§ TASK DESCRIPTION: Would you output the lines from the one containing "Adaptateur DisplayPort vers" through the final line of the entries, exactly and with pictures omitted?

§ TASK INPUT:
__________________________________________________
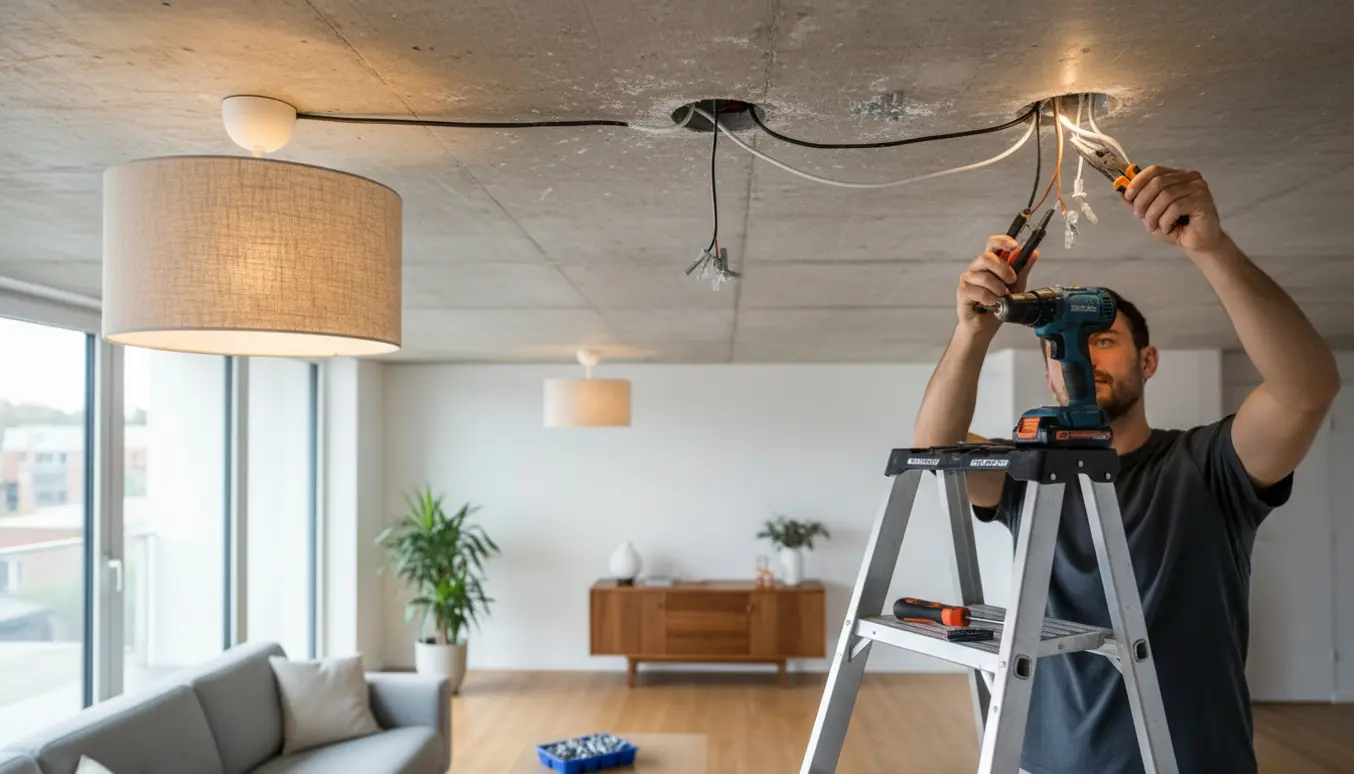 Hænder på en stige monterer to loftslamper i en lejlighed med rå betonloft.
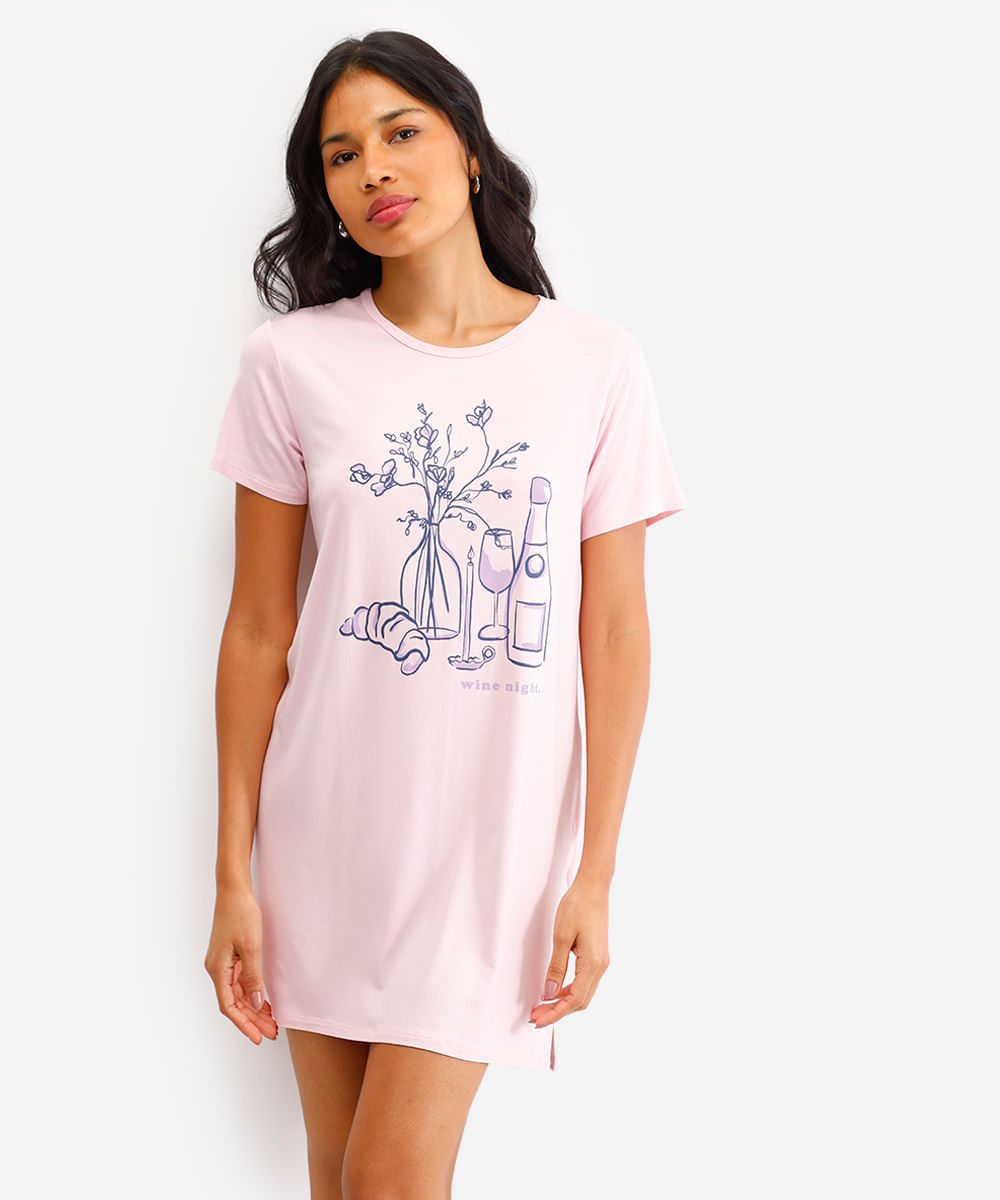 camisola de viscose manga curta estampada rosa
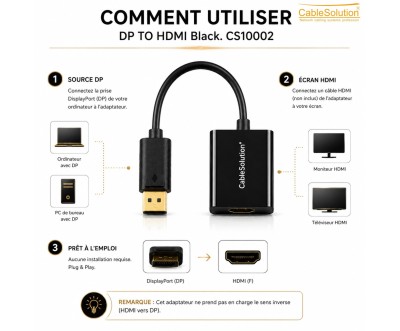Adaptateur DisplayPort vers HDMI CS10002 CableSolution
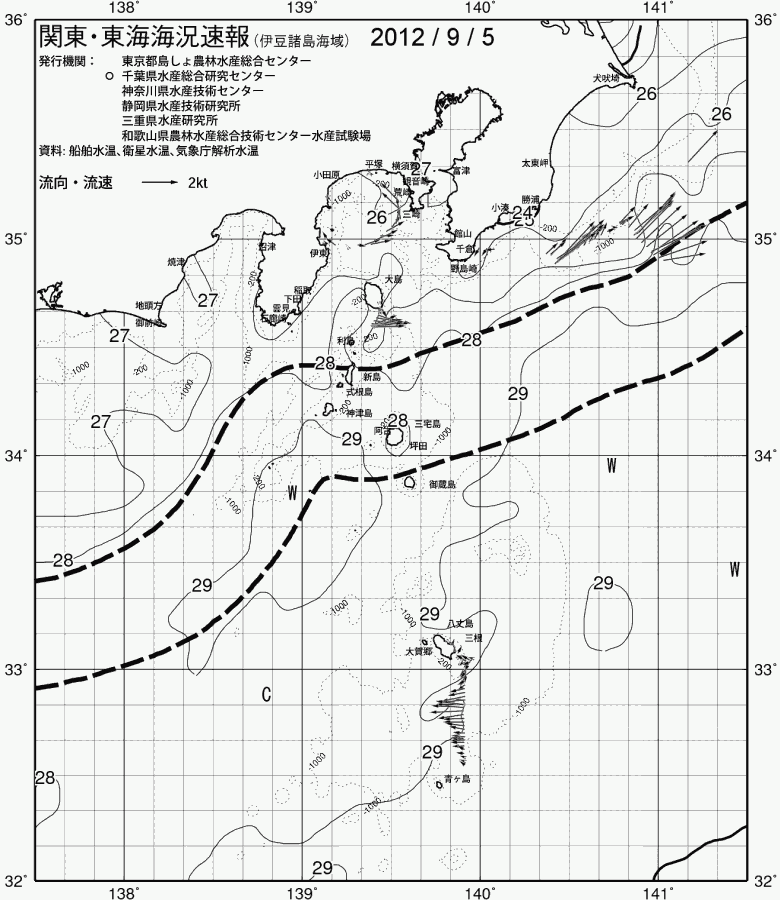 海況図, 関東・東海海況速報/伊豆諸島海域 検索結果, (黒潮, 水温分布, 冷水域, 暖水波及 等を図示)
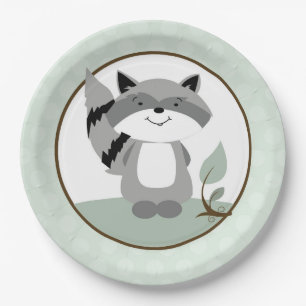 Raccoon Woodland Natuur Paper Bord   Groen
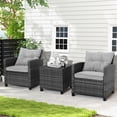 thumbnail image 4 of Patiojoy 3 Pieces Outdoor Furniture Set Patio PE Rattan Conversation Set with Removable Cushions PE Wicker Sofas with Tempered Glass Side Table, 4 of 10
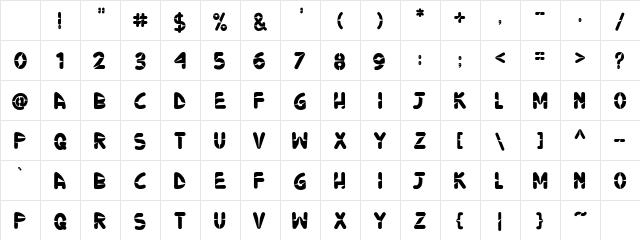 Ninjos Regular Character Map Ninjos Regular Character Map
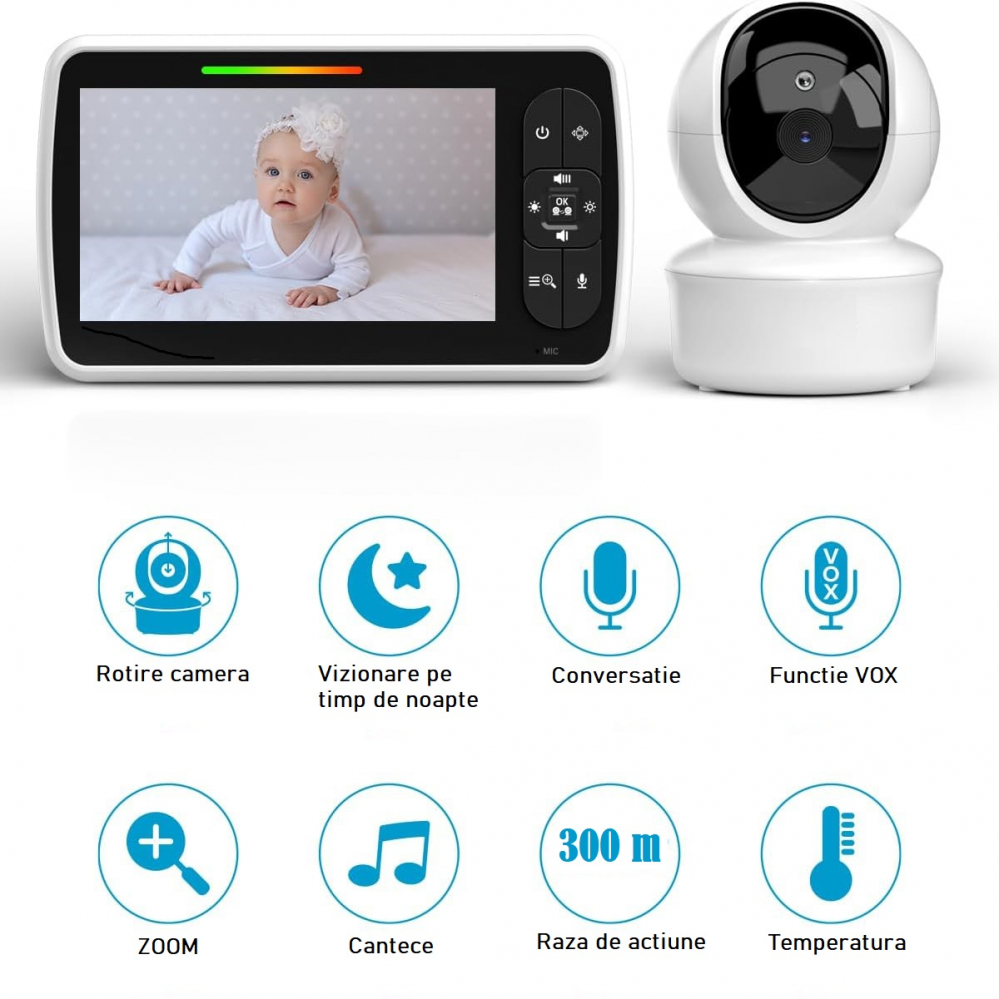Baby Monitor SM650- Sistem de Monitorizare Video si Audio Pentru Bebelusi, Ecran HD 5 inch LCD, Rotire 355°, Mod Nocturn, VOX, Rotire Orizontala/Verticala, Temperatura, Cantece de Leagan [5]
__________________________________________________
§ EXERCISE SOLUTION:
Adaptateur DisplayPort vers HDMI CS10002 CableSolution
 海況図, 関東・東海海況速報/伊豆諸島海域 検索結果, (黒潮, 水温分布, 冷水域, 暖水波及 等を図示)
 Raccoon Woodland Natuur Paper Bord   Groen
 thumbnail image 4 of Patiojoy 3 Pieces Outdoor Furniture Set Patio PE Rattan Conversation Set with Removable Cushions PE Wicker Sofas with Tempered Glass Side Table, 4 of 10
 Ninjos Regular Character Map Ninjos Regular Character Map
Baby Monitor SM650- Sistem de Monitorizare Video si Audio Pentru Bebelusi, Ecran HD 5 inch LCD, Rotire 355°, Mod Nocturn, VOX, Rotire Orizontala/Verticala, Temperatura, Cantece de Leagan [5]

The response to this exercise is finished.